### [Try it]
Transcribe exactly, and without pictures, only the lines from the one bearing "Festive Stitch Holiday" through the final line of the data below.

### [Information supplied]
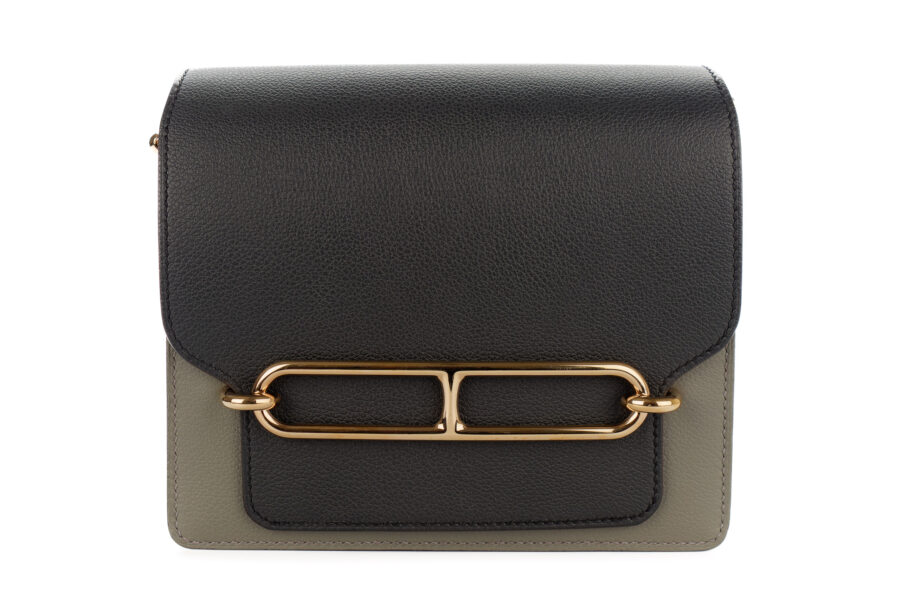 Hermès Roulis Mini Bi-colour Noir/ Gris Meyer Evercolor Gold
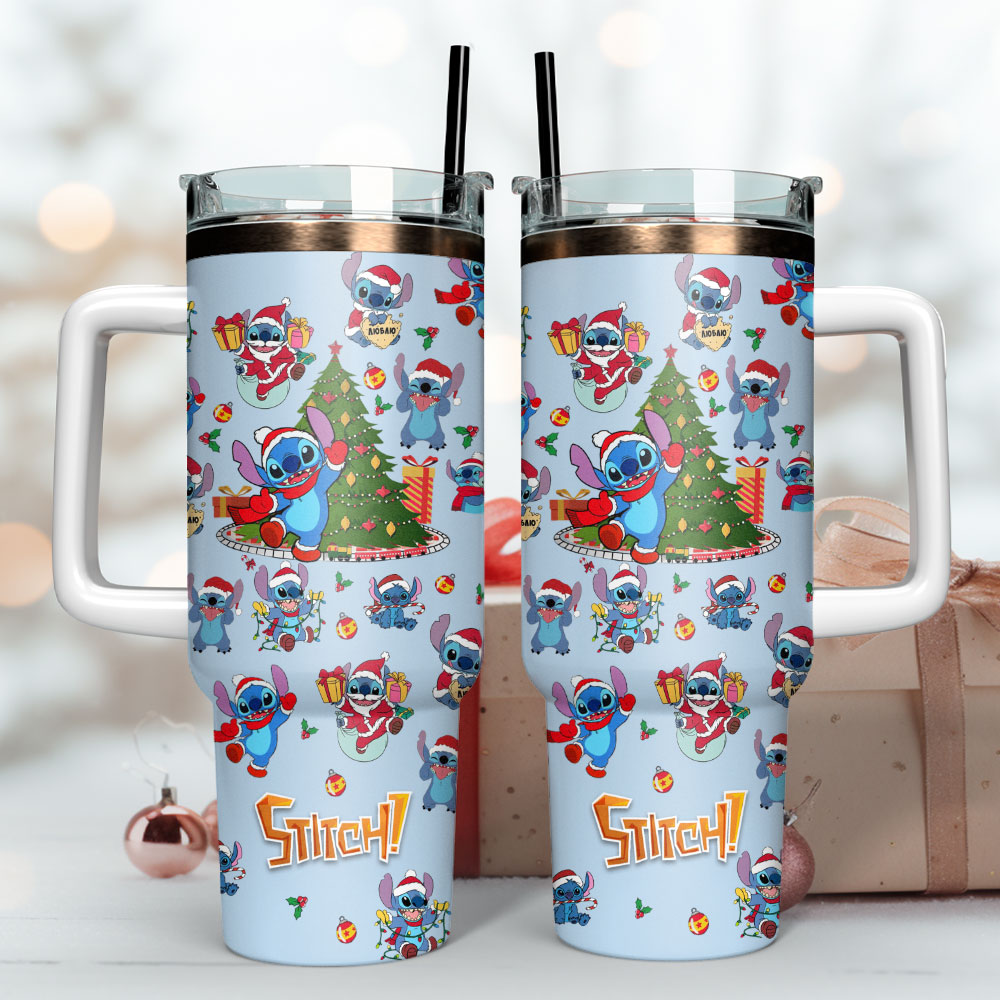 Festive Stitch Holiday Tumbler with Straw - Perfect Christmas Gift - Image 3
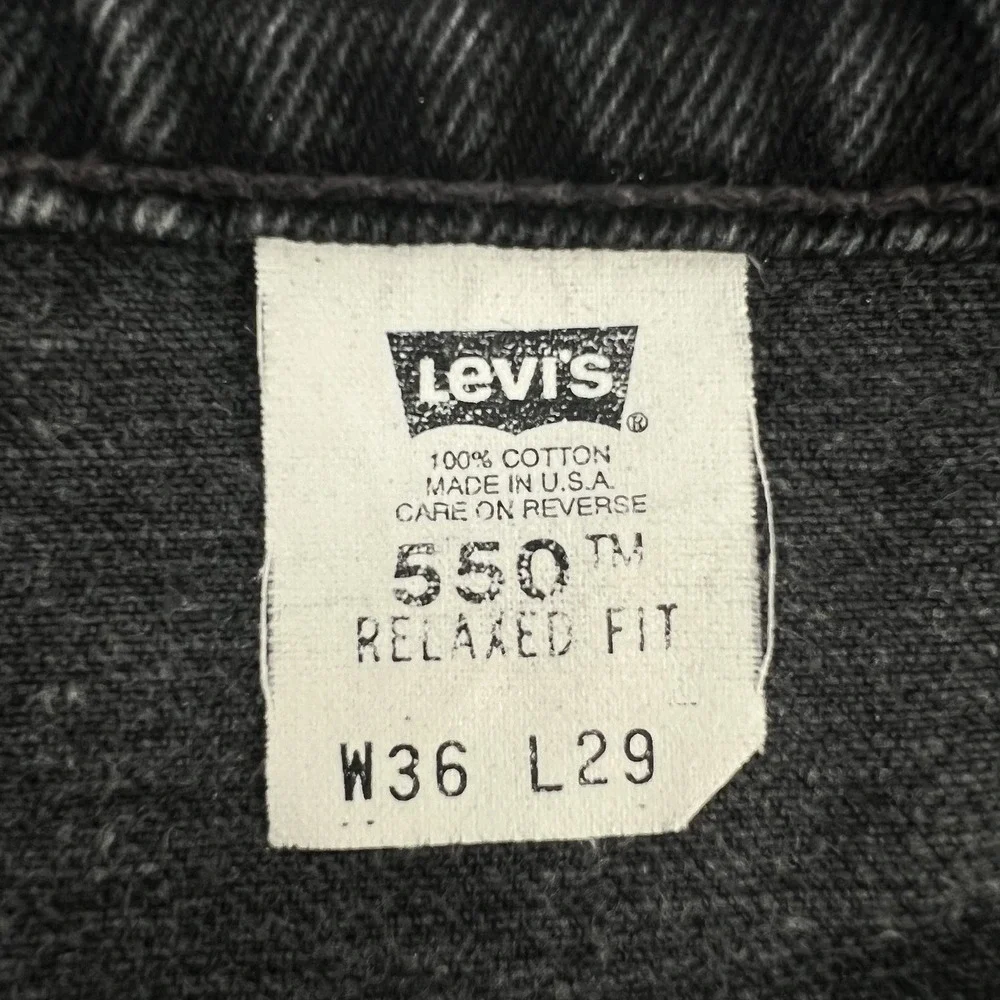 Levi's 550 Black Jeans Men's Size 36 x 29 Relaxed Fit Tapered Red Tag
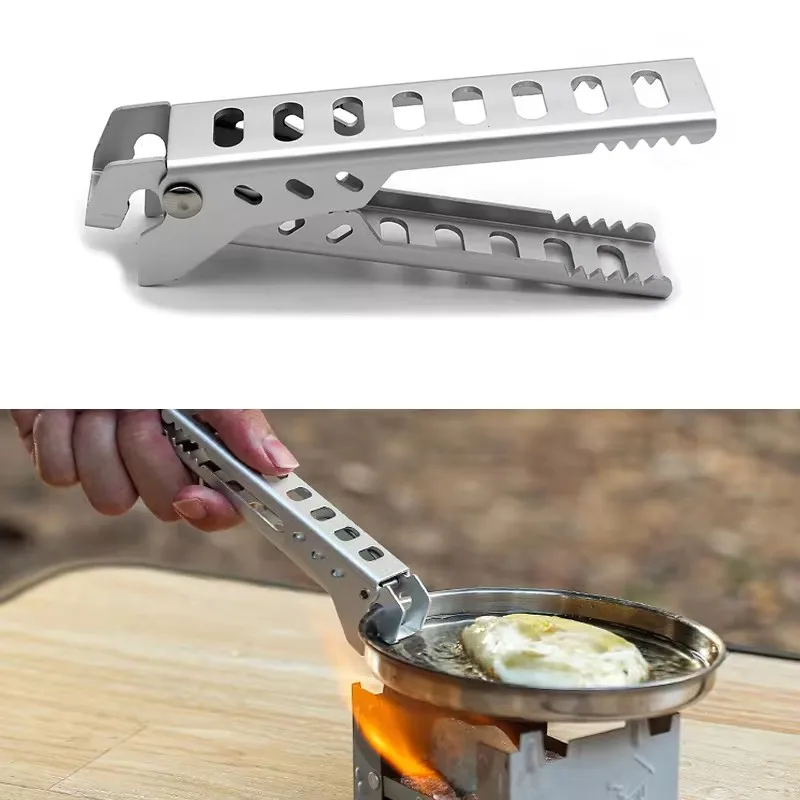 Pinza para tazón de sartén antiescaldaduras para acampar y senderismo, Clip para olla al aire libre, accesorios de vajilla para Picnic, utensilios de cocina para barbacoa y acampada, 1 Uds. - imagen 5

### [Output]
 Festive Stitch Holiday Tumbler with Straw - Perfect Christmas Gift - Image 3
 Levi's 550 Black Jeans Men's Size 36 x 29 Relaxed Fit Tapered Red Tag
 Pinza para tazón de sartén antiescaldaduras para acampar y senderismo, Clip para olla al aire libre, accesorios de vajilla para Picnic, utensilios de cocina para barbacoa y acampada, 1 Uds. - imagen 5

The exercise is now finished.